__Work request__: The expected output is an exact copy of the lines from the one containing "Image of Larimar- Czech" to the final line below, minus any pictures.

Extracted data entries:
━━━━

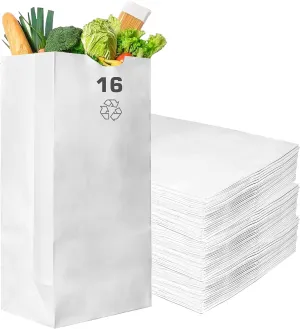 Paper Lunch Bags 16 Lb White Paper Bags 16LB Capacity - Kraft White Paper Bags, Bakery Bags, Candy Bags, Lunch Bags, Grocery Bags, Craft Bags - #16 Large Lunch Paper Bags / Kraft Paper Sacks by EcoQuality (200, #16 - 16LB)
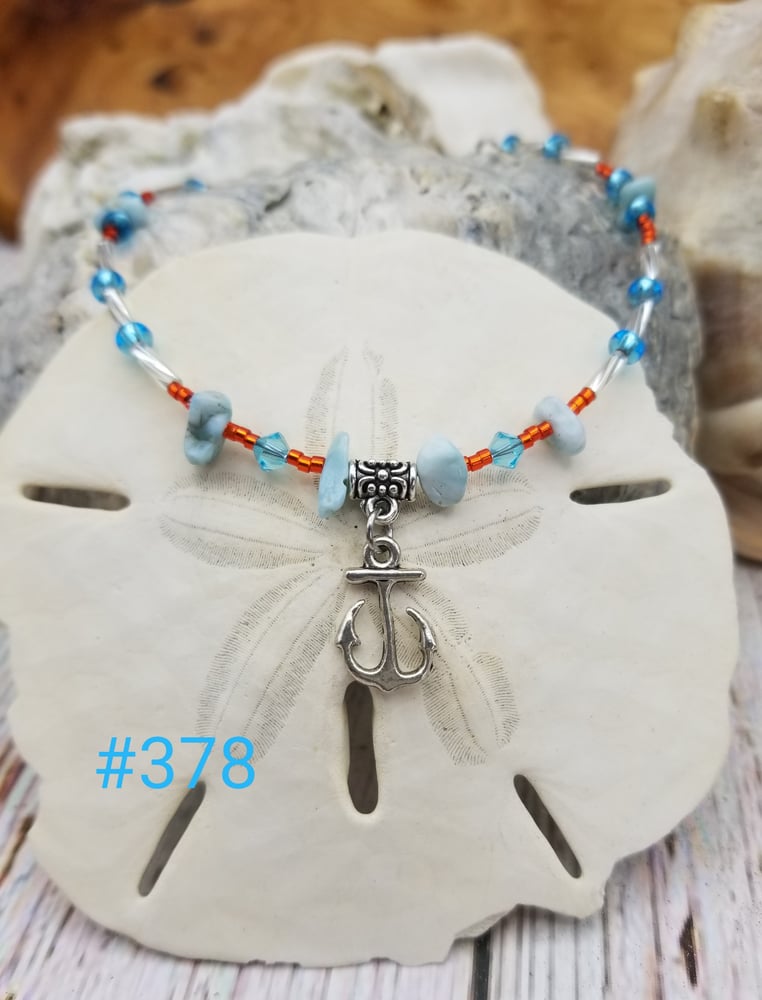 Image of Larimar- Czech Seed Beads- Anchor- Anklet- #378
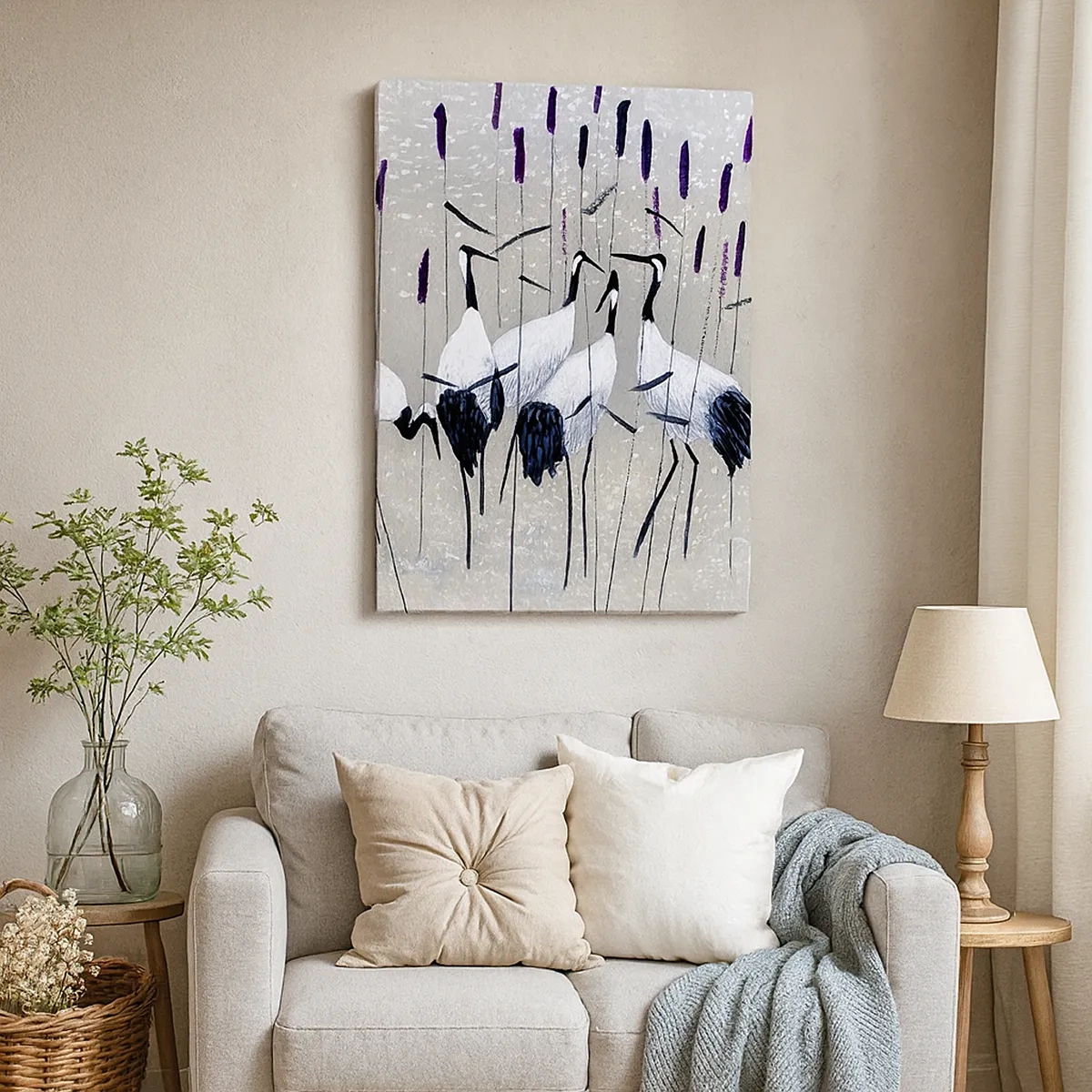 Quadro su tela - Stampe su Tela - Aironi nell'erba su uno sfondo tranquillo - 50x70cm - Tra i suoi - Decorazione murale moderna per soggiorno e camera da letto ARTTOR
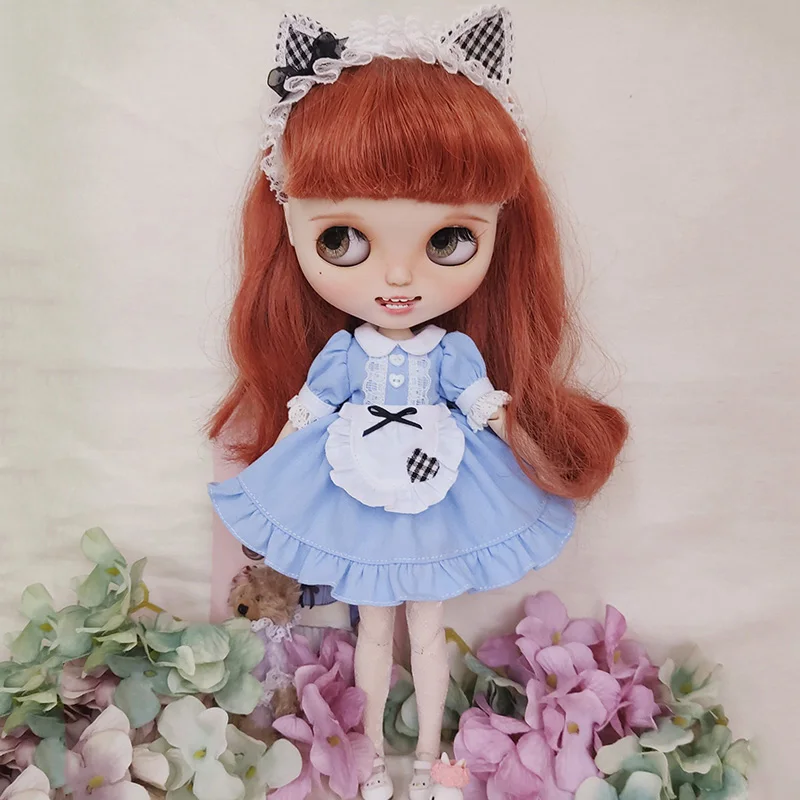 3pcs/set Blyth Doll Clothes Maid Dress+apron+hendband for blyth Azone ob24 1/6 Accessories Clothing | Игрушки и хобби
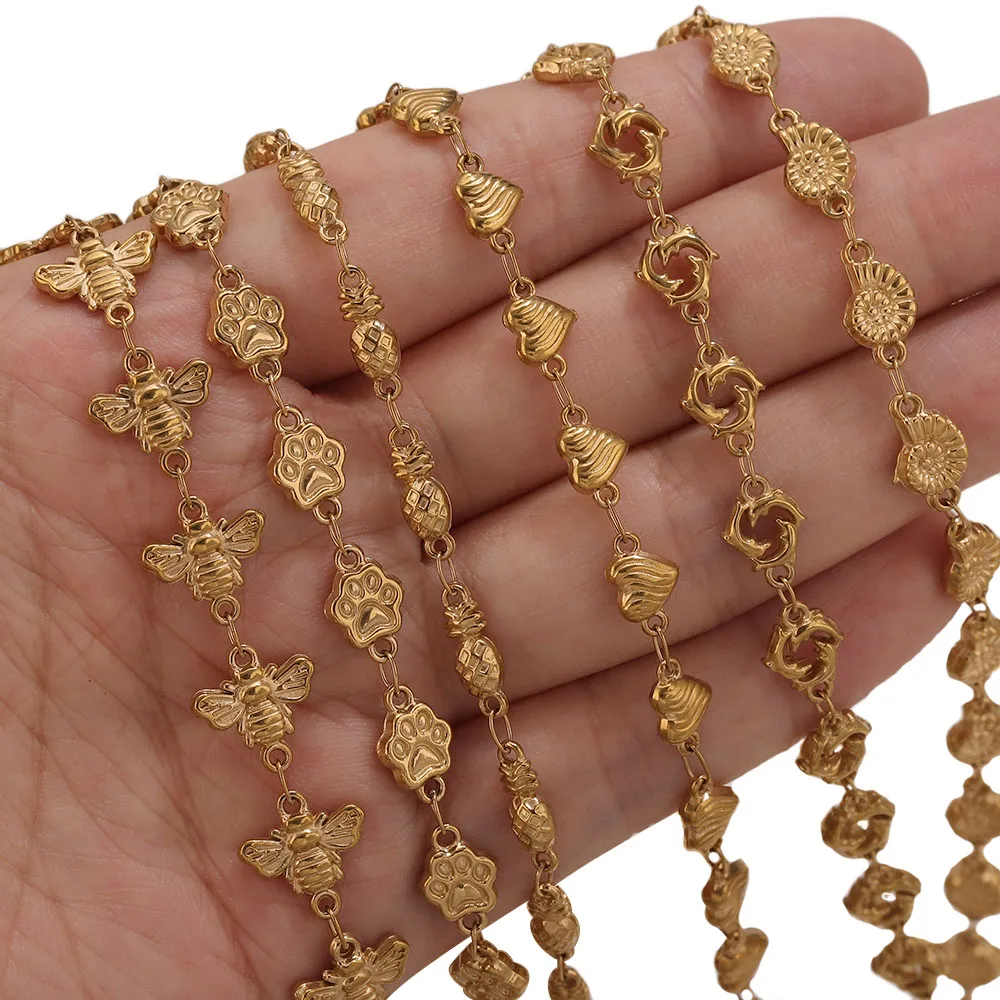 1M PVD Gold Stainless Steel Heart Star Flower Link Cable Chains DIY Jewelry Making Necklace Findings Body Chain Bulk Wholesale view 3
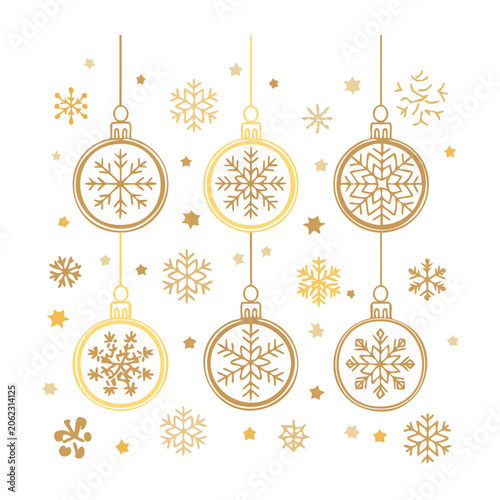 Gold Christmas ornaments and snowflakes on white background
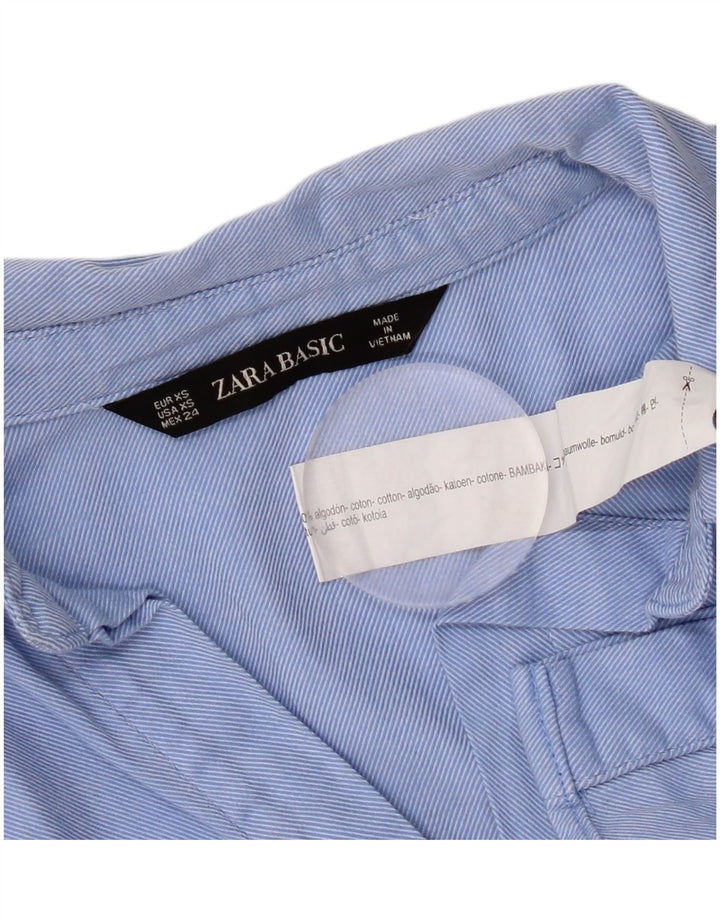 Zara Mujer Camisa Extragrande UK 6 XS Algodón Azul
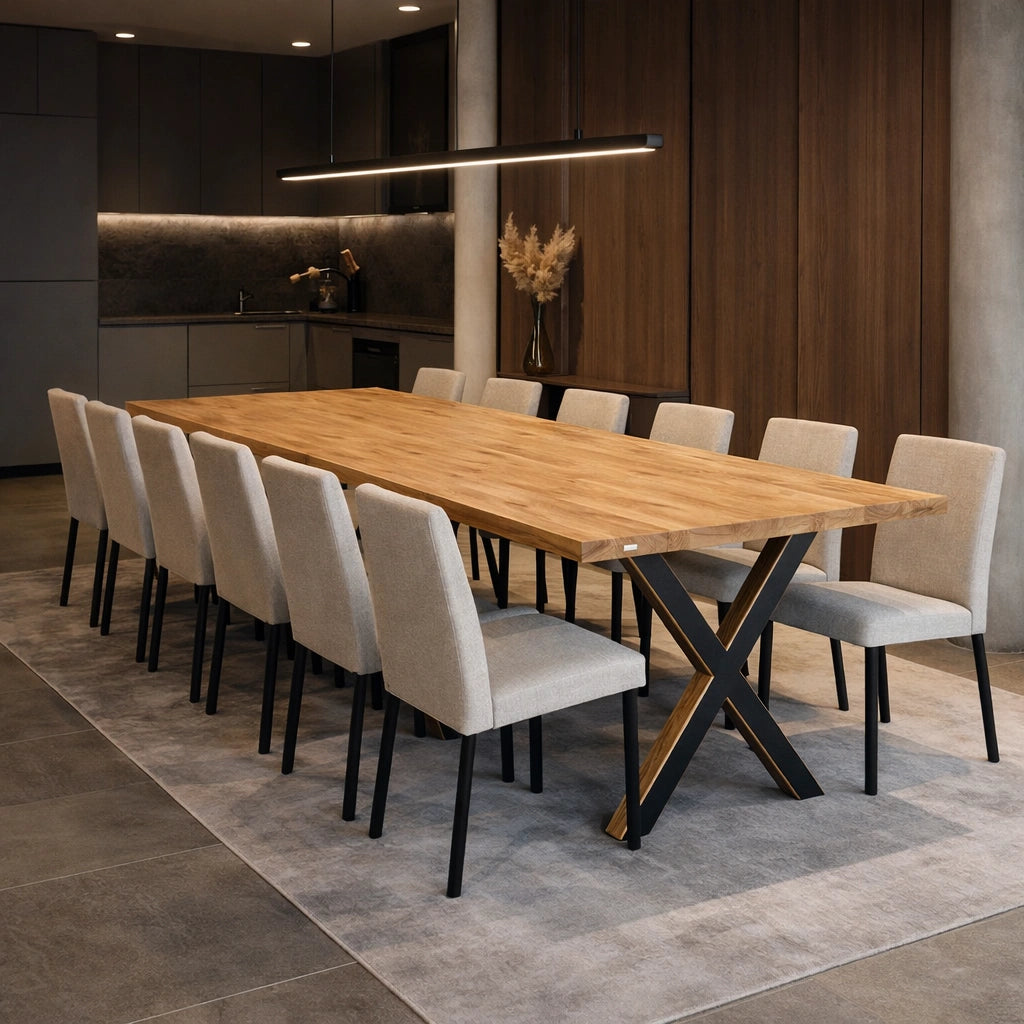 Stół z litego dębu klasyczny 260×100 cm – Stół do jadalni dla 12 osób | Reelken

━━━━

__Solution below__:
 Image of Larimar- Czech Seed Beads- Anchor- Anklet- #378
 Quadro su tela - Stampe su Tela - Aironi nell'erba su uno sfondo tranquillo - 50x70cm - Tra i suoi - Decorazione murale moderna per soggiorno e camera da letto ARTTOR
 3pcs/set Blyth Doll Clothes Maid Dress+apron+hendband for blyth Azone ob24 1/6 Accessories Clothing | Игрушки и хобби
 1M PVD Gold Stainless Steel Heart Star Flower Link Cable Chains DIY Jewelry Making Necklace Findings Body Chain Bulk Wholesale view 3
 Gold Christmas ornaments and snowflakes on white background
 Zara Mujer Camisa Extragrande UK 6 XS Algodón Azul
 Stół z litego dębu klasyczny 260×100 cm – Stół do jadalni dla 12 osób | Reelken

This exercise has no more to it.